_Aim of the task_: Return each record word for word, keeping none of its pictures.

** Opening Material supplied block **

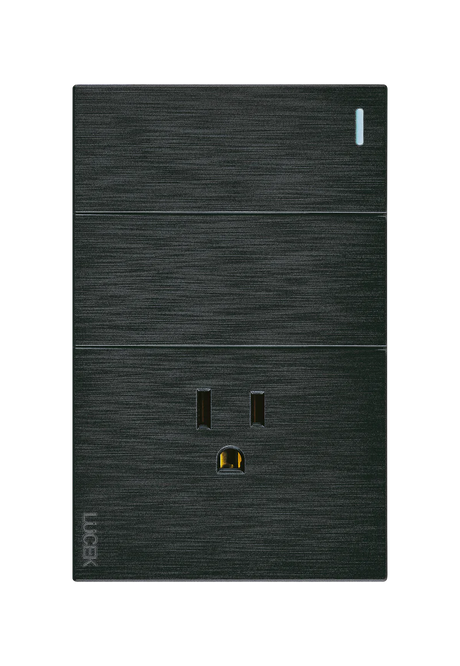 Lucek flat negro -BF19-N- 2 interruptores sencillos y 1 contacto, 1 m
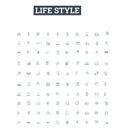 Life style vector line icons set. Lifestyle, Trend, Habits, Well-being, Fashion, Attitude, Exercise illustration outline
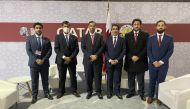 Minister of Environment and Climate Change, H E Sheikh Dr. Faleh bin Nasser bin Ahmed bin Ali Al Thani, and other officials at the opening of Qatar Pavilion at UN Climate Change Conference in Glasgow, yesterday.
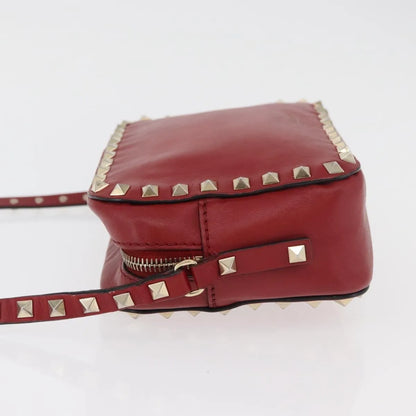 Valentino Garavani Rockstud Camera Leather, Red, Leather, Shoulder Bag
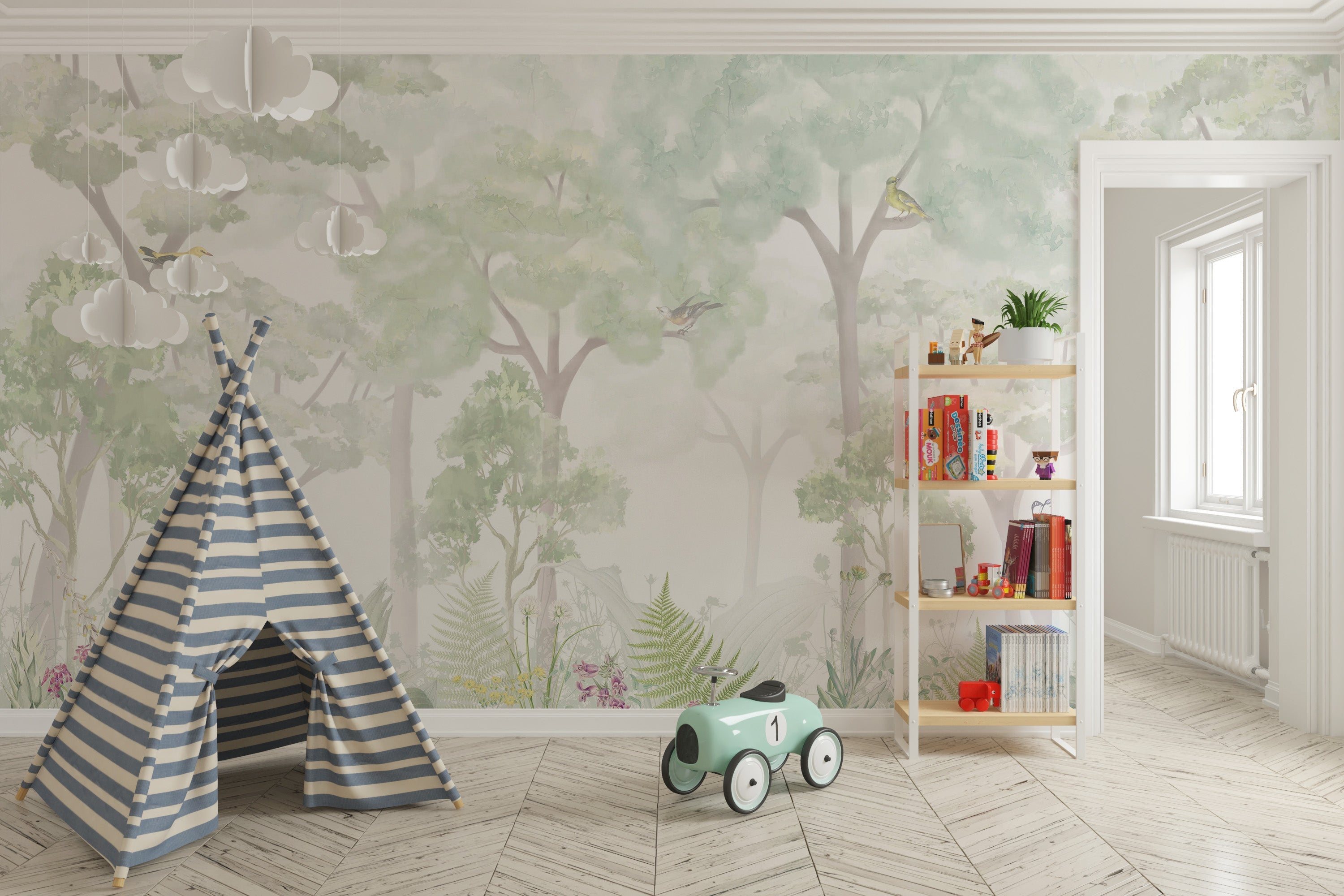 Transform the kids' room into a fairy-tale space with forest mural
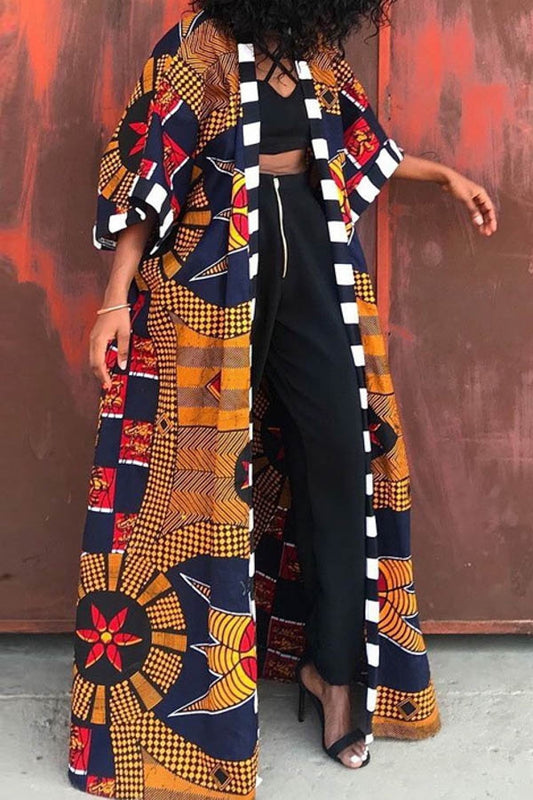 Tribal Print Kimono Duster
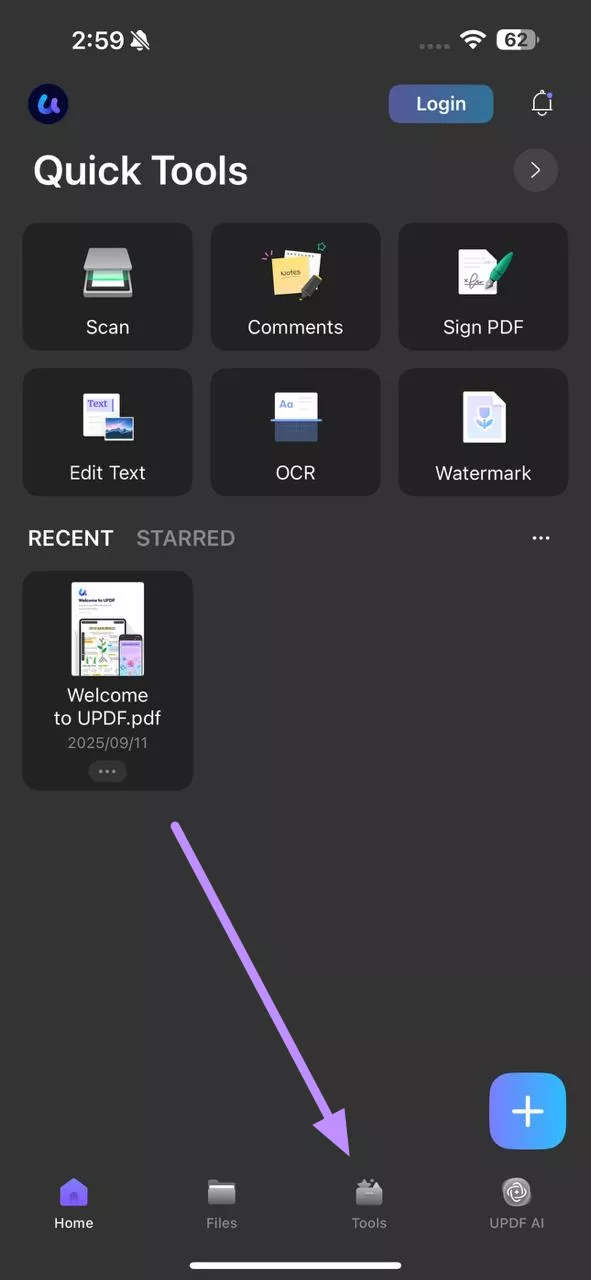 enter the pdf tools screen updf ios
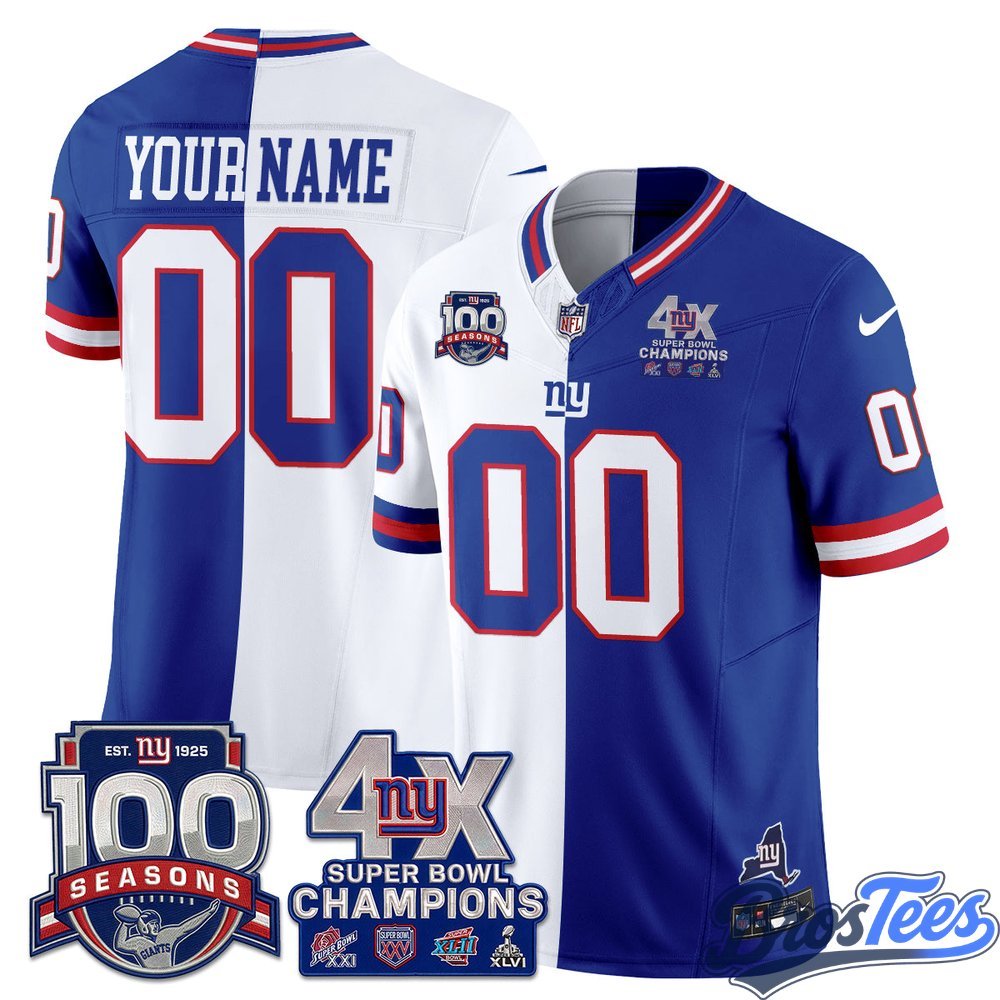 New York Giants 4X Super Bowl Split Edition Custom Football Jersey - BrosTees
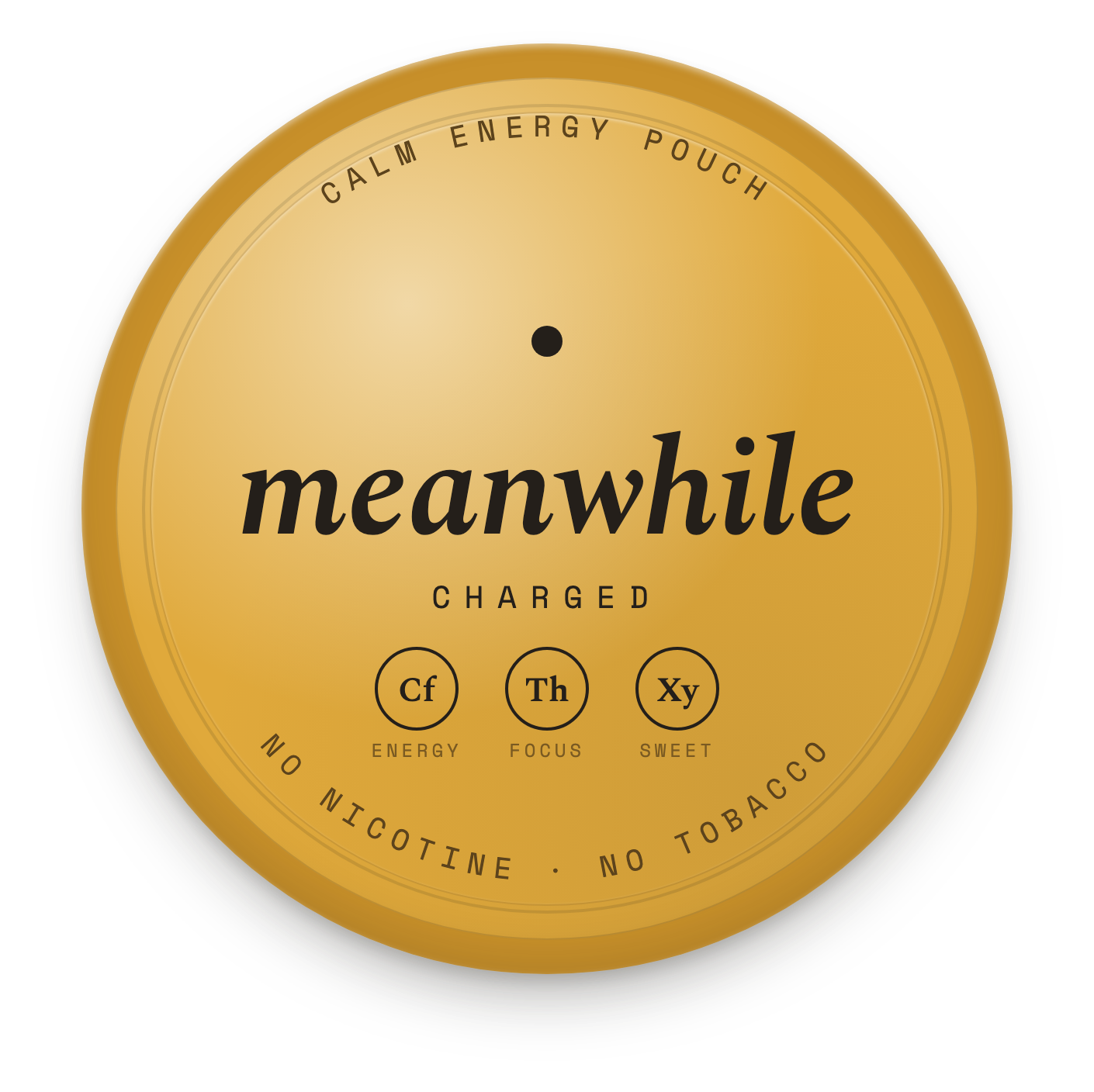 meanwhile · Charged — calm energy mineral pouch tin lid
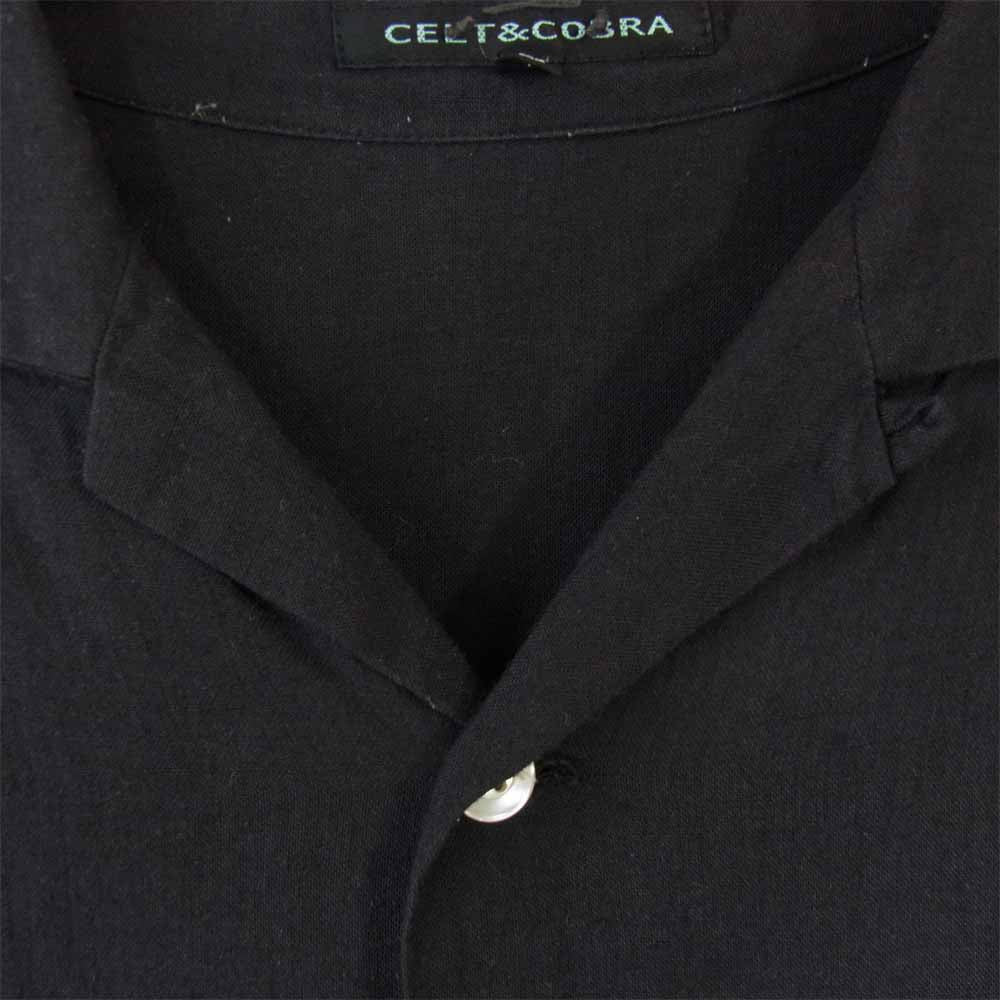 Celt&Cobra ケルト&コブラ ROSSO ロッソ バック刺繍 オープンカラー 半袖 シャツ ブラック系 L【中古】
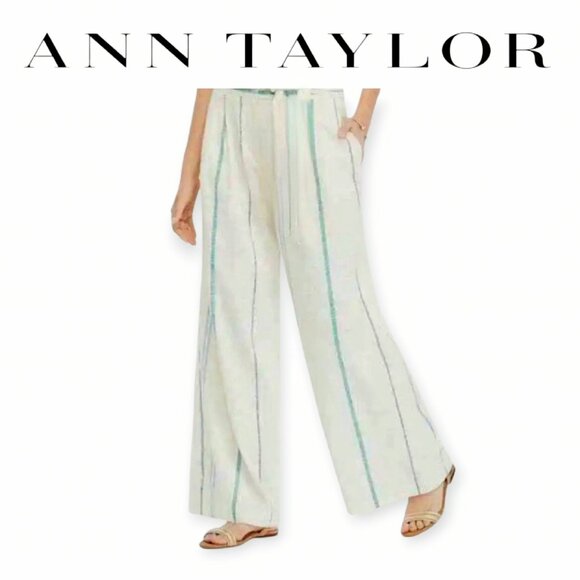 Ann Taylor Cream Blue Green Striped Wide-Leg Linen-Blend Pants Size 12 - Picture 1 of 15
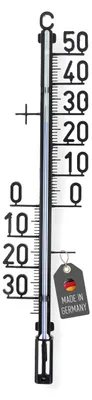 Produktbild von 35cm Außenthermometer aus Kunststoff Temperatur -30 bis 50°C Gartenthermometer Außen Garten Hauswand Balkon Analog Thermometer Schwarz
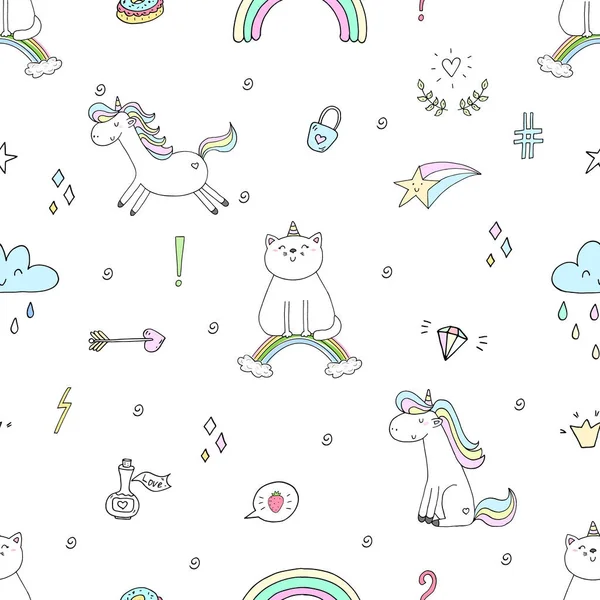 Dibujado a mano patrón sin costura con gato lindo en un arco iris, garabato ilustración para niños impresión vectorial — Vector de stock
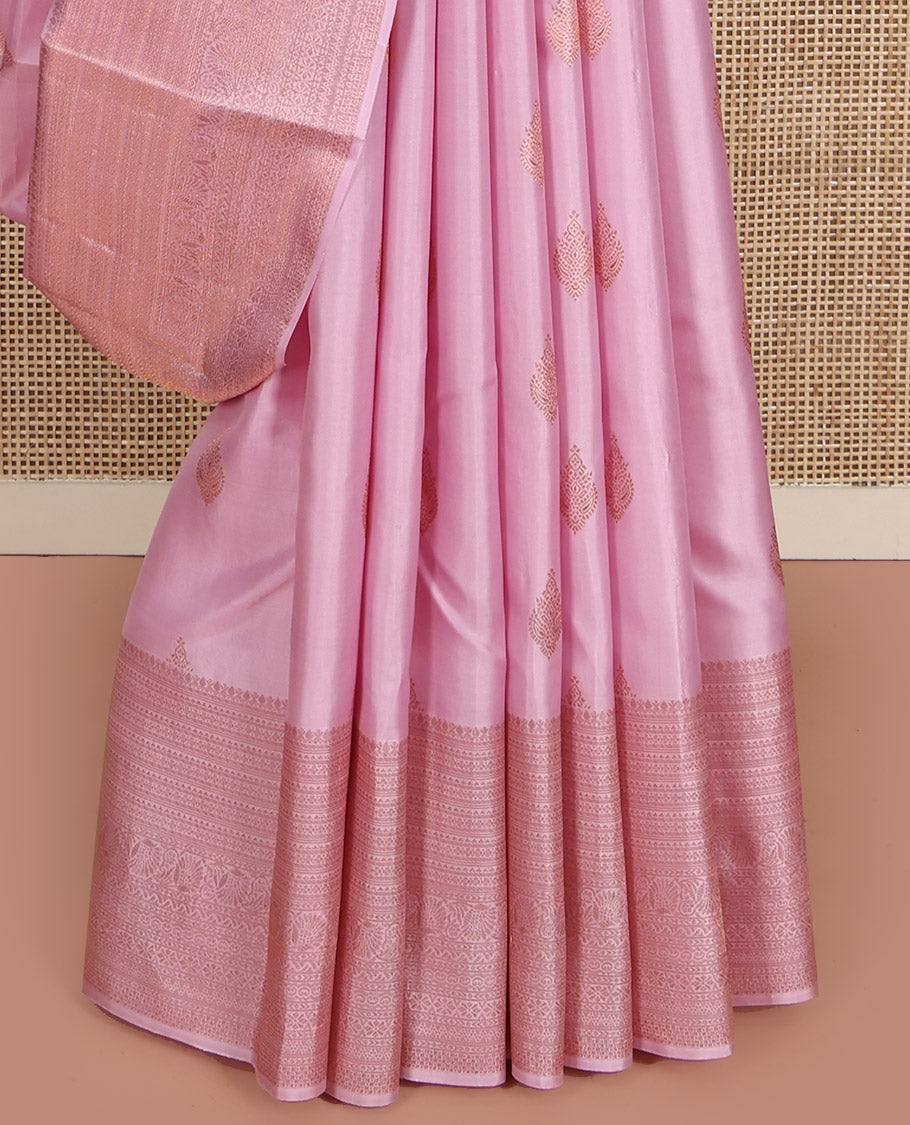 Pink Kanchipuram Silk Saree, Crafted with Zari Buttas All Over Its Body, Highlighted by a Zari Border of Traditional Designs, Intricately Designed Pallu, and Paired with a Matching Blouse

** Closing Material supplied block **

_Output_:
 Lucek flat negro -BF19-N- 2 interruptores sencillos y 1 contacto, 1 m
 Life style vector line icons set. Lifestyle, Trend, Habits, Well-being, Fashion, Attitude, Exercise illustration outline
 Minister of Environment and Climate Change, H E Sheikh Dr. Faleh bin Nasser bin Ahmed bin Ali Al Thani, and other officials at the opening of Qatar Pavilion at UN Climate Change Conference in Glasgow, yesterday.
 Valentino Garavani Rockstud Camera Leather, Red, Leather, Shoulder Bag
 Transform the kids' room into a fairy-tale space with forest mural
 Tribal Print Kimono Duster
 enter the pdf tools screen updf ios
 New York Giants 4X Super Bowl Split Edition Custom Football Jersey - BrosTees
 meanwhile · Charged — calm energy mineral pouch tin lid
 Celt&Cobra ケルト&コブラ ROSSO ロッソ バック刺繍 オープンカラー 半袖 シャツ ブラック系 L【中古】
 Ann Taylor Cream Blue Green Striped Wide-Leg Linen-Blend Pants Size 12 - Picture 1 of 15
 Produktbild von 35cm Außenthermometer aus Kunststoff Temperatur -30 bis 50°C Gartenthermometer Außen Garten Hauswand Balkon Analog Thermometer Schwarz
 Dibujado a mano patrón sin costura con gato lindo en un arco iris, garabato ilustración para niños impresión vectorial — Vector de stock
 Pink Kanchipuram Silk Saree, Crafted with Zari Buttas All Over Its Body, Highlighted by a Zari Border of Traditional Designs, Intricately Designed Pallu, and Paired with a Matching Blouse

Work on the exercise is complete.